EXERCISE DETAILS:
In the records below, begin at the line containing "ABERCROMBIE Burgundy Zip" and end at the line containing "Einfache Script-Liebe und"; quote every line in that span exactly, including both boundary lines, and no others.

MATERIAL FOR THE TASK:
*** Begin section ***
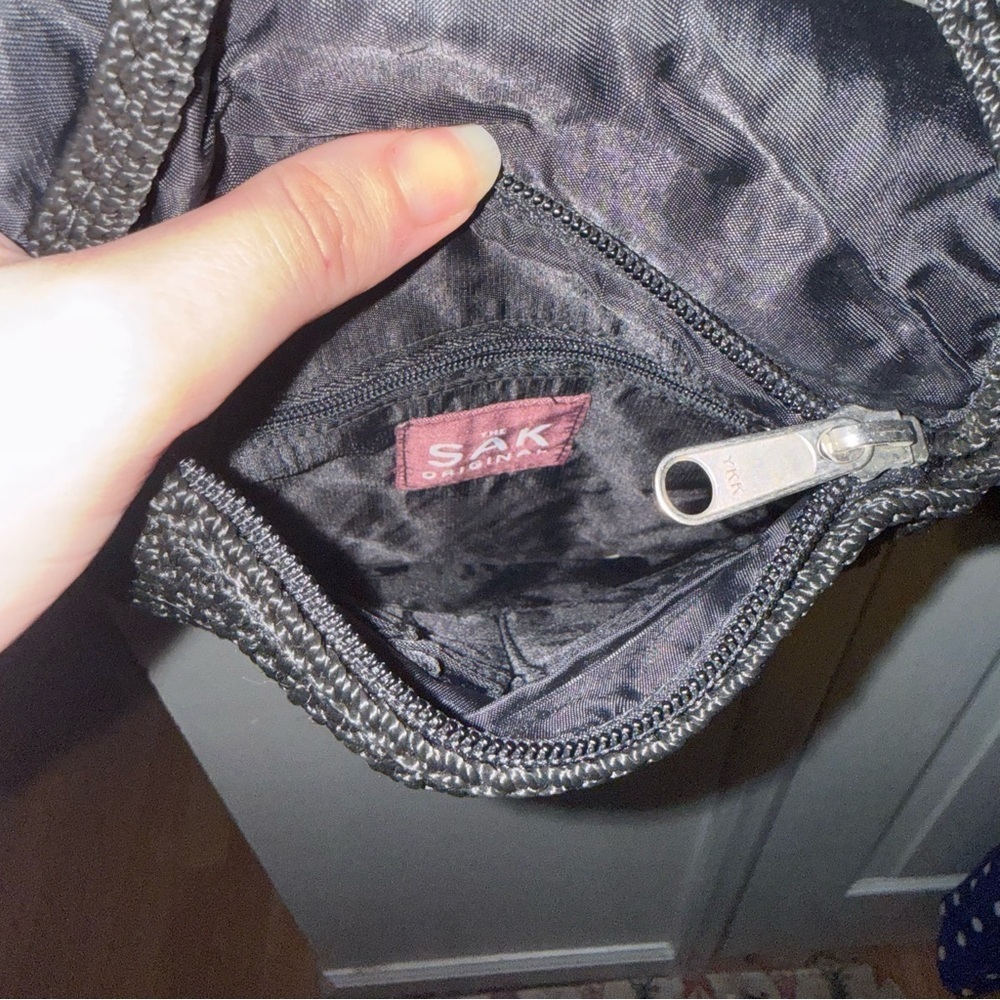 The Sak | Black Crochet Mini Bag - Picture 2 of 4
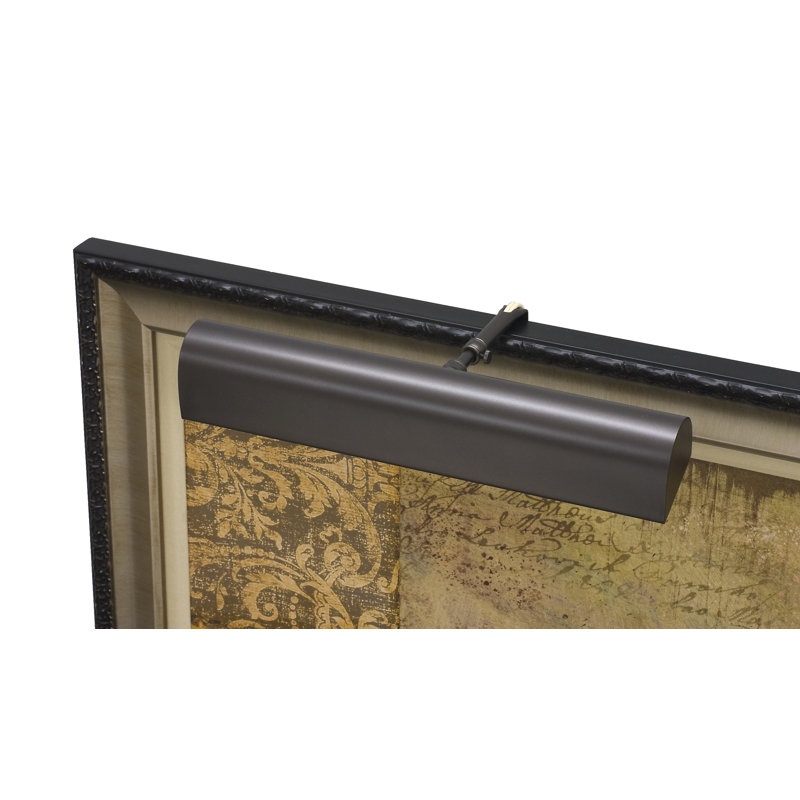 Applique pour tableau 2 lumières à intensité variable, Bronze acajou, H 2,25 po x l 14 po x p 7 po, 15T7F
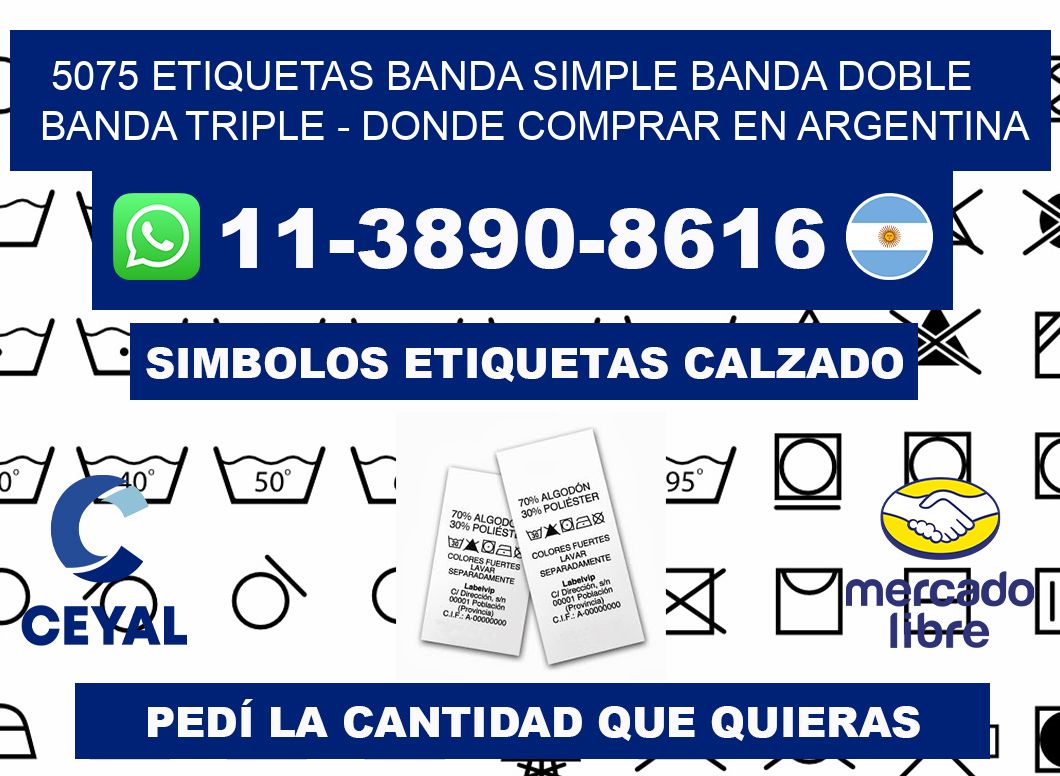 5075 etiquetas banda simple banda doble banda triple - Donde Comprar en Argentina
*** End section ***
*** Begin section ***
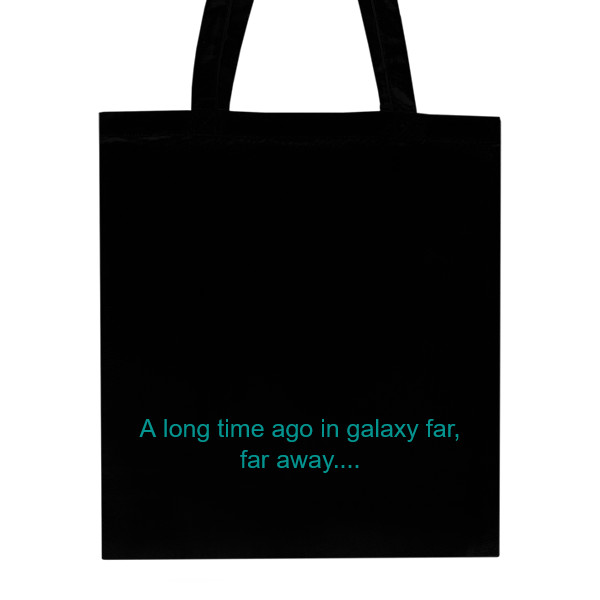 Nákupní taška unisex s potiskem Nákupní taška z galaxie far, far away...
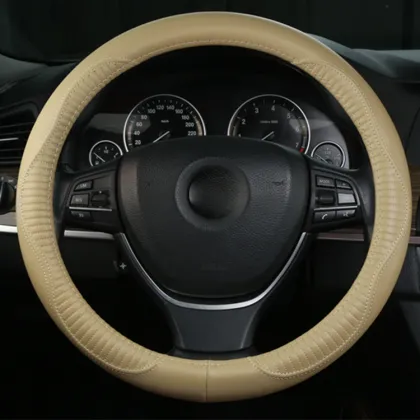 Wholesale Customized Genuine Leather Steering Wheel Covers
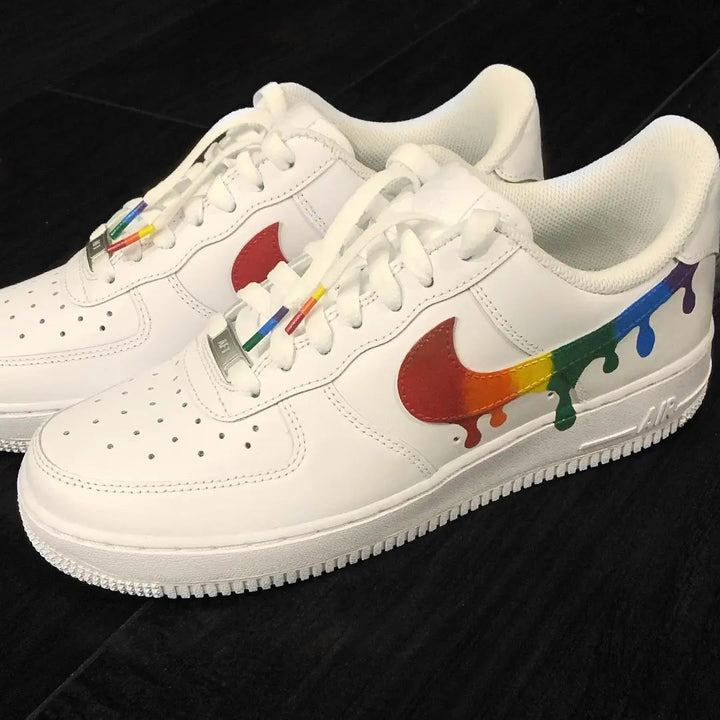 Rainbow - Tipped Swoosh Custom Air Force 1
*** End section ***
*** Begin section ***
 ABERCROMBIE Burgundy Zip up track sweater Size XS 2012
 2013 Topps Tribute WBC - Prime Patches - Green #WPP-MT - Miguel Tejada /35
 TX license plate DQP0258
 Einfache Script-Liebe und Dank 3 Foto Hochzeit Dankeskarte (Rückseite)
*** End section ***
TASK RESPONSE:
 ABERCROMBIE Burgundy Zip up track sweater Size XS 2012
 2013 Topps Tribute WBC - Prime Patches - Green #WPP-MT - Miguel Tejada /35
 TX license plate DQP0258
 Einfache Script-Liebe und Dank 3 Foto Hochzeit Dankeskarte (Rückseite)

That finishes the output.